Denise Huskins Quinn and Aaron Quinn took the podium to address the public and answer questions about a kidnapping case once deemed a hoax by Vallejo police.
"They are heroes," said Acting Chief of Police for the City of Seaside Nick Borges. "They lit the flame that started so many things in motion. It's about listening, working with victims and survivors."
As a direct result of the work that Denise and Aaron did with current law enforcement officials, Muller faces new charges of a previously unreported 2015 kidnapping and ransom case in unincorporated San Ramon.
"Muller was 16 years old when he attacked his first victims. He was 38 by the time he got to us," said Denise. "It's something he's crafted over a long period of time."
According to police, Muller, a former U.S. Marine, broke into a Denise and Aaron's Vallejo home on March 23, 2015, and tied them up.
They said he then took Denise to a cabin in South Lake Tahoe, where he sexually assaulted her. After two days, Muller drove Denise to Southern California and let her go, according to police.
"Muller attacked another family two weeks later and then weeks after that, another family," Denise said Tuesday. "I believe this is just the tip of the iceberg and there's more to be found. Muller told me that he had done this to other victims. He gave a lot of details about how he had done this in the past."
A re-investigation of the case was inspired by Netflix's 2024 series called American Nightmare, detailing Denise's scary story.
"Indescribable...terrorized going through the worst experience in life and then people turn on you, society turns on you, social media turns on you," said Aaron. "To get out of that hole is almost impossible."
KTVU reported that new information about the case was released in the first week of January, detailing further sexual assaults linked back to Muller in the South Bay from 2009. Officials in Contra Costa County added that Muller also committed an East Bay home-invasion robbery in 2015.
"If investigators used interviewing techniques that D.A. Pierson had talked about, our story would have been solved," said Aaron. "The two other cases after ours should have been prevented and would have been prevented."
"Muller preplanned these attacks... he's incredibly smart, Harvard trained," said D.A. Pierson. "It took weeks if not months to plan [and] he knew intimate details about the families."
D.A. Pierson said that new and more effective ways to interview shed more light on the recent information that has surfaced.
"Having spent two days with a talented interviewer going into exhaustive past crimes that he had committed [and] exploring with him the reasons, in my view, there is no doubt in his ability to speak further with us," said D.A. Pierson.
Acting Chief Nick Borges engaged in a letter writing campaign to try and get Muller to talk about other cases, and he succeeded.
"I never expected the letters to lead to all of these new announcements," said Borges. "You never know what you'll find until you turn over rocks."
What was Borges' tactic?
"I just spoke to him as a human. Authentic, who I am, reaching out... that's really the interaction," he said about the letters he wrote to Muller mid-2024 with the permission of the Quinns. "I believe in some of the things that led to the criminal charges because they match in what we have."

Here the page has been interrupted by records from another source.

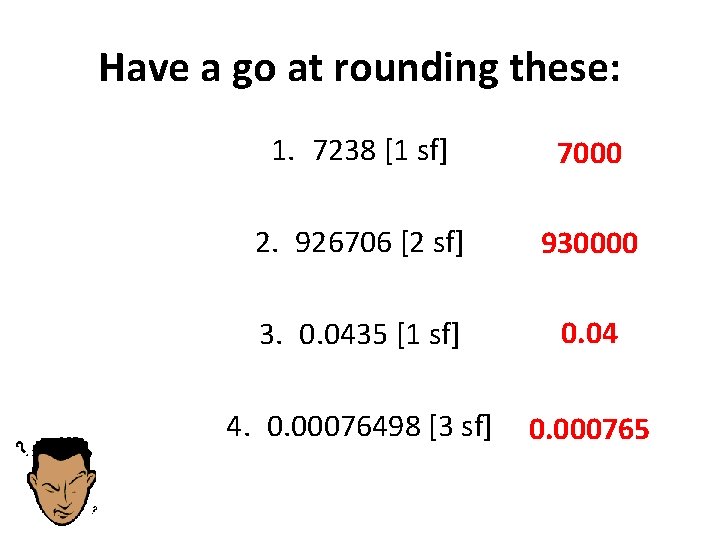 Have a go at rounding these: 1. 7238 [1 sf] 7000 2. 926706 [2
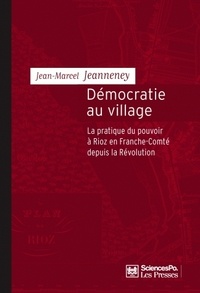 Jean-Marcel Jeanneney - Démocratie au village - La pratique du pouvoir à Rioz en France-Comté depuis la Révolution.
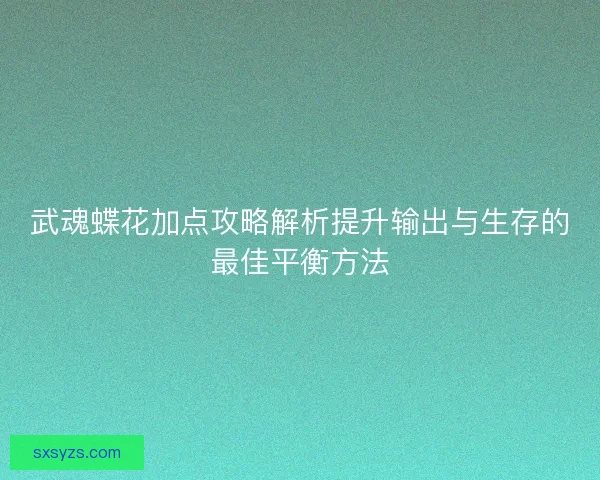 武魂蝶花加点攻略解析提升输出与生存的最佳平衡方法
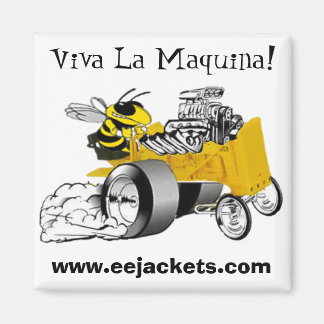 Aimant "Viva La Maquina" E-E Jaune Veste Dragster Magne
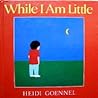 While I Am Little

In addition to this but independently, D.A. Pierson worked with FBI during a thorough interview. They said that during this time, Muller confessed to multiple crimes in Northern California, including what happened in San Ramon in 2015.
"Using the information provided by the El Dorado D.A.'s Office, detectives conducted an investigation that included multiple interviews and as well as the examination of evidence. They confirmed that Muller committed a home-invasion robbery in unincorporated San Ramon in early 2015. That incident was never reported to the sheriff's office," the Contra Costa County Sheriff's Office news release said. "The trauma of crime can have lasting effects that some people endure for their entire lives."
These new cases have added new felony crimes against Muller, and an array of law enforcement from all over Northern California has come together as a result.
Lt. Misty Carausu, the El Dorado D.A.’s Vern Pierson, the Santa Clara County D.A.’s Office, Palo Alto Police, Mountain View Police, the Contra Costa D.A.’s Office and the Alameda County Sheriff's Office were all named as integral in gathering this new information.